I am trying to show that the integral $2\int\int_{\mathbb{R}^{+}}\frac{x^{2}}{(1+x^{2})(1+y^{2})}dxdy$ diverges. The solution says it diverges because $\frac{x^{2}}{1+x^{2}}\geq \frac{1}{2}$. What does this mean? What theorem is being used in analysis?
On
$\dfrac{x^2}{x^2+1} =1-\dfrac{1}{x^2+1};$
For $x \ge 1$:
$x^2+1 \ge 2$, and
$f(x):= \dfrac{x^2}{x^2+1} \ge 1/2.$
$\displaystyle \int_{1}^{t} (1/2)dx \le \int_{1}^{t}f(x)dx$;.
$(1/2)(t-1) \le \displaystyle \int_{1}^{t}f(x)dx$,
divergent for $t \rightarrow \infty.$
On
The theorem being used is that if $f(x,y) \geq g(x,y)$, and if $\iint_R g(x,y)\,dx\,dy$ diverges, then $\iint_R f(x,y)\,dx\,dy$ diverges, too.

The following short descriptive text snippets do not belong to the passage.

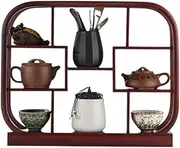 Desktop Antique Shelf Small New Chinese Tea Cup Purple Clay teapot Display Stand Tea Room Tea Table Ornaments Tea Set Storage,C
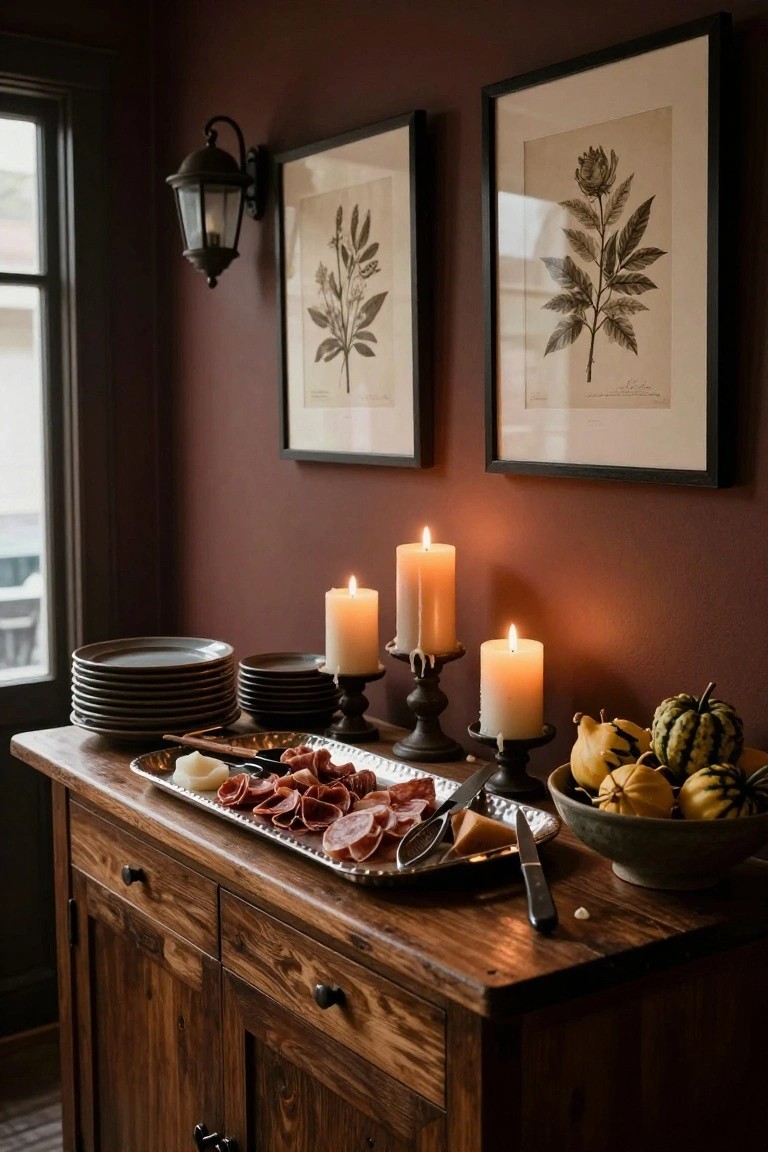 Wooden sideboard against maroon walls displays a silver tray of sliced meats, cheese, and bread with knives and spoons, next to stacked gray plates, taper candles on black candlesticks, and a bowl of small pumpkins and gourds.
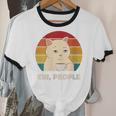 Ew People Introvert Cat Lover Crazy Colorful Cat Lady Unisex Cotton Ringer T-Shirt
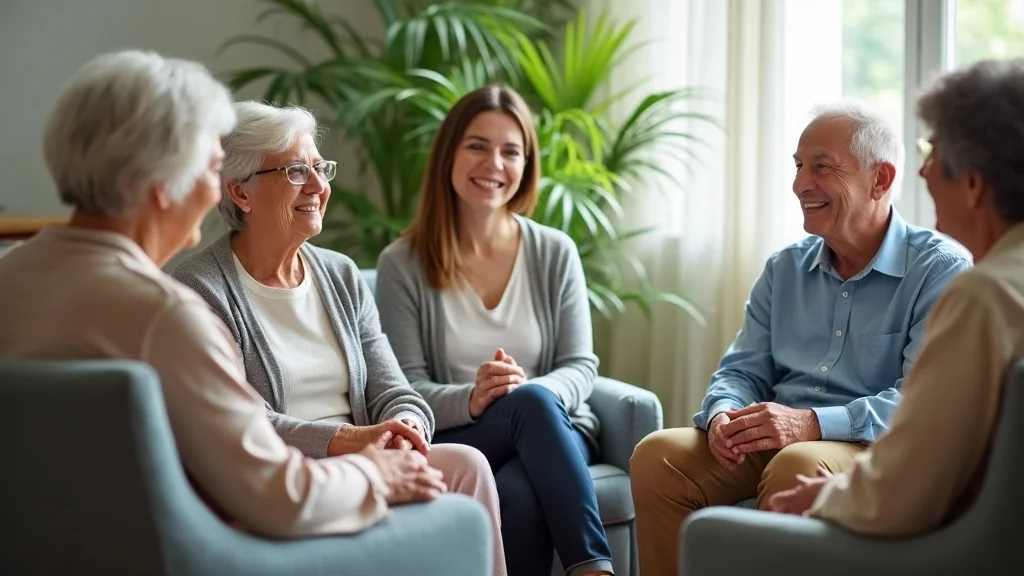 Support group for older adults discussing mental health during gray divorce, bright community center, empathetic expressions, group seated in circle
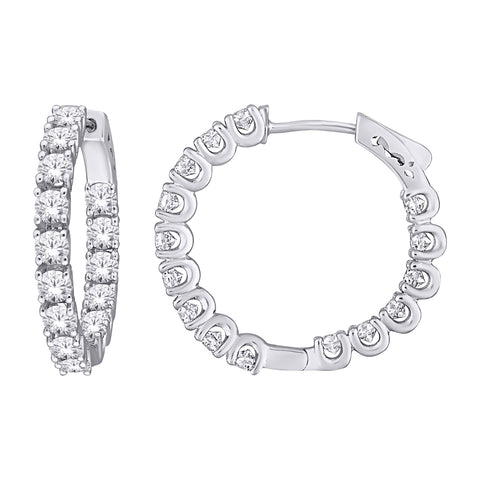 10kt White Gold 3.00cttw Diamond Hoop Earrings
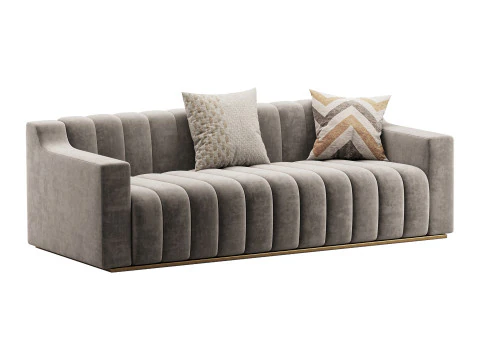 Room Simple Couch Chesterfield Fabric Sofa 3D Model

In your case, since $$\frac{x}{1+x^2} \geq \frac{1}{2}$$ it follows that your integrand satisfies $$f(x,y) = \frac{x^2}{(1+x^2)(1+y^2)} \geq \frac{1}{2}\frac{1}{1+y^2} = g(x,y)$$ Since the integral $$\int_0^\infty \int_0^\infty \frac{1}{2}\frac{1}{1+y^2}\,dx\,dy$$ diverges (check this yourself), it follows that your original integral diverges.
It's not the function $f(x)=\frac{x^2}{1+x^2}$ that diverges (at $\infty$): indeed its limit at $\infty$ is $1$.
It's the integral $$ \int_0^\infty \frac{x^2}{1+x^2}\,dx $$ that diverges, for the very reason that the limit of the function at $\infty$ is not zero.
Since the limit is $1$, there exists $k>0$ such that, for $x>k$, $f(x)>1/2$. Hence, for $t>k$, $$ \int_0^{t}f(x)\,dx=\int_0^k f(x)\,dx+\int_k^t\frac{1}{2}\,dx= \int_0^k f(x)\,dx+\frac{1}{2}(t-k) $$ and the last term of course diverges for $t\to\infty$.